AnchorWeave: Memory-Augmented Video Gen

Updated 18 February 2026

AnchorWeave is a memory-augmented video generation framework that uses per-frame local spatial memories and a multi-anchor weaving controller to maintain consistent spatial structures.
It employs a greedy coverage retrieval algorithm to select optimal local point clouds from depth-estimated frames, mitigating cross-view misalignment issues.
Empirical results show that increasing the number of anchors improves metrics like PSNR and SSIM, demonstrating enhanced long-horizon video synthesis quality.

AnchorWeave is a memory-augmented video generation framework designed to maintain world-consistent spatial structures over long horizons in camera-controllable video diffusion. Diverging from global 3D fusion-based paradigms, which are susceptible to cross-view misalignment artifacts, AnchorWeave deploys multiple clean, per-frame local spatial memories and reconciles their inconsistencies through a novel multi-anchor weaving controller. This architecture achieves substantial improvements in scene consistency and visual quality for long-form, arbitrarily navigated video synthesis under user-specified camera trajectories (Wang et al., 16 Feb 2026).

1. Motivation and Problem Formulation

Long-horizon, camera-controllable video generation requires synthesizing video sequences that remain consistent with both viewed and generated history, especially when the camera revisits regions of the environment. Existing video diffusion models based on architectures such as DiT-based latent diffusion models (LDMs) offer strong short-range visual quality, but inherently lack explicit global memory, resulting in spatial drift, ghosting, or hallucination when revisiting prior contexts.

Traditional memory-based solutions reconstruct a global 3D scene from temporally accumulated views—such as point clouds or neural fields—and condition generation on rendered anchor videos derived from these reconstructions.

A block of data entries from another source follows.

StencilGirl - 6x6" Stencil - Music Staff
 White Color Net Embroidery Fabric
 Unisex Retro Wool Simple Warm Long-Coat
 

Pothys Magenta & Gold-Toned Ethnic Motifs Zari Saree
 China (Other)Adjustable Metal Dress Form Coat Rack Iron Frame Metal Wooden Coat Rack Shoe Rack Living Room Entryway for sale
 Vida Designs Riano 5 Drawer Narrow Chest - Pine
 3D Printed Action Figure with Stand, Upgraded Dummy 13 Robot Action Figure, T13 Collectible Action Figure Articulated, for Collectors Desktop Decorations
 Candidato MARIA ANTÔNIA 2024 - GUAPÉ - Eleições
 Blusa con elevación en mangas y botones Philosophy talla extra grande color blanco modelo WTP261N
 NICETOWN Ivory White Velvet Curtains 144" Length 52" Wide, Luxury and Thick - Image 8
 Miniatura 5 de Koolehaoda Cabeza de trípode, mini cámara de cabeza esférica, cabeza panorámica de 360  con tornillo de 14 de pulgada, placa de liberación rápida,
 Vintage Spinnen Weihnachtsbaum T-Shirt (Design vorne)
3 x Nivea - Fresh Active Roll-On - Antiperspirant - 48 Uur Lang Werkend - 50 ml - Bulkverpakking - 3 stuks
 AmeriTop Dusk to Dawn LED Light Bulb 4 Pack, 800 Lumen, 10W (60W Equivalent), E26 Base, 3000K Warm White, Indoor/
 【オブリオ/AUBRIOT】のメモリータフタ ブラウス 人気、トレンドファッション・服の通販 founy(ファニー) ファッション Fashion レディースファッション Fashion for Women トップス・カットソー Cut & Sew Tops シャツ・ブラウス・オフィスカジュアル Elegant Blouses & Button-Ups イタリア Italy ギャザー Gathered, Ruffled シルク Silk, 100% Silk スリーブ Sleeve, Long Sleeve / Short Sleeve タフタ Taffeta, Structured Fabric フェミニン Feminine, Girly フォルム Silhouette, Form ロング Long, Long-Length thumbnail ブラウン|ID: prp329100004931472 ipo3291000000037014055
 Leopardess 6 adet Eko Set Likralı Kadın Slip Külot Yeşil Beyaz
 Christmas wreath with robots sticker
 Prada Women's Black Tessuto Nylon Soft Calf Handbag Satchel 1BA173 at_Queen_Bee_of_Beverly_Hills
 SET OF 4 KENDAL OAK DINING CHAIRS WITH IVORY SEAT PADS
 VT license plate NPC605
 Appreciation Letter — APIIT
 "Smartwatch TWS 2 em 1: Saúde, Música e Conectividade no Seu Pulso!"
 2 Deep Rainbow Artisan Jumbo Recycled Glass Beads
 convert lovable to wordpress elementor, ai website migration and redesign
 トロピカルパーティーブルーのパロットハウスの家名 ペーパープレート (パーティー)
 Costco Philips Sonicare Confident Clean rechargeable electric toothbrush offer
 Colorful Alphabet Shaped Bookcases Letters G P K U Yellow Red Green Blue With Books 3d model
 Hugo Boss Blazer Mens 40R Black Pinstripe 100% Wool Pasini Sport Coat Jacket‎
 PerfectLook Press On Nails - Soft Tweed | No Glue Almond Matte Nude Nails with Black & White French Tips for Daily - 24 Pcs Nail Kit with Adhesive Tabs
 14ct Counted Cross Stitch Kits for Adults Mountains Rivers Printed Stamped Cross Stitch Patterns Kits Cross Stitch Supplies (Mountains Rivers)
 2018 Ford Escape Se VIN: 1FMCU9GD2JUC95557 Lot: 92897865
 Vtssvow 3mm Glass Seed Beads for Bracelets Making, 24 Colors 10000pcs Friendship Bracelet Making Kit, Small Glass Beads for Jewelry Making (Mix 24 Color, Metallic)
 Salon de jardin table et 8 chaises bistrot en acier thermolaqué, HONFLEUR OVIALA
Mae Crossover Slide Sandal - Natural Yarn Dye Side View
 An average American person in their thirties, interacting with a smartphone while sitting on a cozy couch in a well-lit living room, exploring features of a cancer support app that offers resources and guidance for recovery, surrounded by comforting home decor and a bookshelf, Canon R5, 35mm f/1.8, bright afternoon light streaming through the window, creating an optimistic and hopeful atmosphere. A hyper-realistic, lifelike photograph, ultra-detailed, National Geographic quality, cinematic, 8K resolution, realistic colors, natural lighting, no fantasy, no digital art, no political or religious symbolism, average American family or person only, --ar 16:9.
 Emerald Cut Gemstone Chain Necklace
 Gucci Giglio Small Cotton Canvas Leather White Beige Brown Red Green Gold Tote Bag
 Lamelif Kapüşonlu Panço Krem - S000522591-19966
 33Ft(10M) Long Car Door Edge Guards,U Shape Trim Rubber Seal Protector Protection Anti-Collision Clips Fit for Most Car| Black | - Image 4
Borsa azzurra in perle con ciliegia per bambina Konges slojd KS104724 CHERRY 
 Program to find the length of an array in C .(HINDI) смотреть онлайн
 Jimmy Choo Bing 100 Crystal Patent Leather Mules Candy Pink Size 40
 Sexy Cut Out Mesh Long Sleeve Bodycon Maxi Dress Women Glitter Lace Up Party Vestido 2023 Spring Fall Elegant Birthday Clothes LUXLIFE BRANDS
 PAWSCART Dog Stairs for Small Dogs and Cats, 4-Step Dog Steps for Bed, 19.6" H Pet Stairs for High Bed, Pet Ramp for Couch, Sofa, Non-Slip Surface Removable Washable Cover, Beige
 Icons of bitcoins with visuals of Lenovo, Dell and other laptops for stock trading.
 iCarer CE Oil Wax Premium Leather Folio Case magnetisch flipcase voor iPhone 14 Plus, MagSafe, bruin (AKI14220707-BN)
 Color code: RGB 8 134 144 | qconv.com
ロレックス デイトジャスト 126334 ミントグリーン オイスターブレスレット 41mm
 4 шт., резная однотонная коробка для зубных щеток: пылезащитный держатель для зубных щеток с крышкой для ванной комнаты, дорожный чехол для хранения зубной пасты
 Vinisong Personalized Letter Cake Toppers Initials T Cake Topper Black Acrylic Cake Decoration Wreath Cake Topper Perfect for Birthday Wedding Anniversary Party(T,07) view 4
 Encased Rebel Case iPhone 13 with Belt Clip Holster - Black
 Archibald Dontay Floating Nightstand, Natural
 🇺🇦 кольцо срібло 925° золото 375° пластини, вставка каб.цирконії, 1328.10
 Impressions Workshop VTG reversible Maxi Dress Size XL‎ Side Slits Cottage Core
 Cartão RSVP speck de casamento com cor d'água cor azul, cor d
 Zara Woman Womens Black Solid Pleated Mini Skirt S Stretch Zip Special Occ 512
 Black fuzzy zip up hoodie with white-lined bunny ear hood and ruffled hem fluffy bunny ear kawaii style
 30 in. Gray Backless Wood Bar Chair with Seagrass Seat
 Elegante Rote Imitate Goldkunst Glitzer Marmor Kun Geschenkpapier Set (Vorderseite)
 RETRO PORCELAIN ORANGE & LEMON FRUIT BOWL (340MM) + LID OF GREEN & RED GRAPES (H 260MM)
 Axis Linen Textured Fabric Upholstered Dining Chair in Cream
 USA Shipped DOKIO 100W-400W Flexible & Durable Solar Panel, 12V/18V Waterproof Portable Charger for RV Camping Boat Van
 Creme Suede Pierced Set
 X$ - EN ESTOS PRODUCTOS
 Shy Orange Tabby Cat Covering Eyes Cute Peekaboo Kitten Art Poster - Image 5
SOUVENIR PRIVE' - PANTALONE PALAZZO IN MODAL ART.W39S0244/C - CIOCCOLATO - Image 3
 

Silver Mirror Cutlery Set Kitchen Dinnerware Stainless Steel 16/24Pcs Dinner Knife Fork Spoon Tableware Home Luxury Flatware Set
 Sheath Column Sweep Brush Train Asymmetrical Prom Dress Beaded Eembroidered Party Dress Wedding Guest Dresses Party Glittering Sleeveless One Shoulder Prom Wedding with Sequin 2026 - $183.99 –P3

However, global fusion is fundamentally limited by the accumulation of pose and depth estimation errors: identical surfaces are rendered at slightly different locations across views, leading to misalignment and contaminated geometry in the global memory, which, when used for conditioning, degrades output fidelity.

AnchorWeave replaces this approach with local geometric memories: each stored as a single-frame, pose-aligned, clean point cloud, free from cross-view fusion artifacts. During synthesis, the framework retrieves multiple local memories whose aggregate fields-of-view optimally cover the target viewpoint and combines their rendered signals in a controller designed to resolve residual spatial discrepancies.

2. Local Memory Construction and Coverage-Driven Retrieval

Local Spatial Memory Bank

AnchorWeave constructs its spatial memory as a bank of per-frame local point clouds. For each historical frame $i$ , a pretrained depth estimator (e.g., TTT3R) infers a depth map and the intrinsic and extrinsic camera parameters. Each pixel is back-projected into a local point cloud

$\mathcal{P}_i = \bigl\{(x_{ij},y_{ij},z_{ij},\,c_{ij})\bigr\}_{j=1}^{N_i}$

with color $c_{ij}\in\mathbb{R}^3$ and corresponding camera pose $T_i\in SE(3)$ . The set $\{\mathcal{P}_i,\,T_i\}$ defines the local memory bank.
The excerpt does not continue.